Voici l’histoire d’un minable telle qu’elle ne sera jamais contée par les plus grands bardes, pas même les plus inconnus, en fait, car le sujet présenté ici est, comme le souligne le thaumaturge Zénon d’Archie lors d’un de ses chapitre figurant dans L’étude comportementale des êtres vivants et des animaux :

  • minable et par conséquent indigne d’intérêt autre que l’étude scientifique menée ici
  • inconnu : comme disait l’autre : “pour vivre heureux, vivons cachés”, mais jusqu’à présent Raoul s’en est plutôt mal sorti, je crois qu’en réalité, on ne se rend compte de sa présence que quand il réalise une de ses fameuses maladresses : elles sont fréquentes, et elles mériteraient toutes une bonne rossée. Mais seulement, en dépit de son intelligence sous-développée, Raoul, comme tous les animaux et les sarrasins des îles d’été, possède un instinct de survie développé. Il a eu la chance de trouver des “maîtres” naïfs, qui sont bien trop bons pour ne pas le corriger plus souvent. Tant pis pour eux.
  • étrange si nous pouvons le comparer à d’autres cas : ses maîtres m’avaient raconté par exemple qu’à une époque, il avait réussi à élever des chiens, cet homme analphabète, sans la moindre once de charisme.

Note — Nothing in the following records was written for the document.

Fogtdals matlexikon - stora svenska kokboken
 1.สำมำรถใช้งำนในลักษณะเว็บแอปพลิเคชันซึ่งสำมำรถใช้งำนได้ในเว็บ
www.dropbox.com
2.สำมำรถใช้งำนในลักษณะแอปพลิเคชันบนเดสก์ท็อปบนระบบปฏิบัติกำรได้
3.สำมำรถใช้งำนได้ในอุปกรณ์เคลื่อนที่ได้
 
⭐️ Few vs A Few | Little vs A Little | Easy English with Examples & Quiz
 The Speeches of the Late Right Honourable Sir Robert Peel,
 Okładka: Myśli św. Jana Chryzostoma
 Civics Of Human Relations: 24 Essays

Entre deux grognements, Raoul explique son passé agité mais heureux : vers l’âge de trois ans, le bougre voit son village colonisé par des gens du nord. Les îles d’été possèdent de nombreux gisements qui intéressent les colons, qui ont dès lors besoin de main d’oeuvre gratuite. Les nègres sont exploités à outrance, mais pendant longtemps, le point de vue des historiens était le suivant : “ces êtres ne sont dotés de conscience, ils ne sont donc pas humains, et serviront d’esclaves.”
Dès lors, Raoul travaille et stoppe net l’apprentissage de sa langue maternelle, séparé des adultes, travaillant comme une servile bestiole. Zénon d’Archie attribuera la cause des multiples malformations du corps à l’esclavage.
Il ne sera libéré que plus tard dans sa vie, à 17 ans, sauvé en fait par un Seigneur dont plus personne ne se rappelle le nom, quoique Raoul s’en souvienne peut être, lui (oui, il se souvient d’un certain Ser Mudd, en effet). Ses sens aiguisés font de lui une personne parfois utile. Il sait se faire discret, le bougre. On a voulu l’éduquer, mais… ça n’a pas marché ; pendant trois ans, on lui inculque alors deux trois principes de base :

  • l’or, c’est toujours bien, plus tu en as mieux c’est.
  • se méfier de tout ce qui bouge
  • faire semblant de comprendre les autres, n’en faire qu’à sa tête, puis courir ou se cacher pour éviter de prendre des claques. Quand le maître n’a pas l’air mécontent, demander une récompense.
    Ces choses dans la caboche, Raoul s’en va vers Moat Cailin : son maître, qui est un ami de Ser Mormont y a des ennemis connus sous le nom de Corbeaux blancs.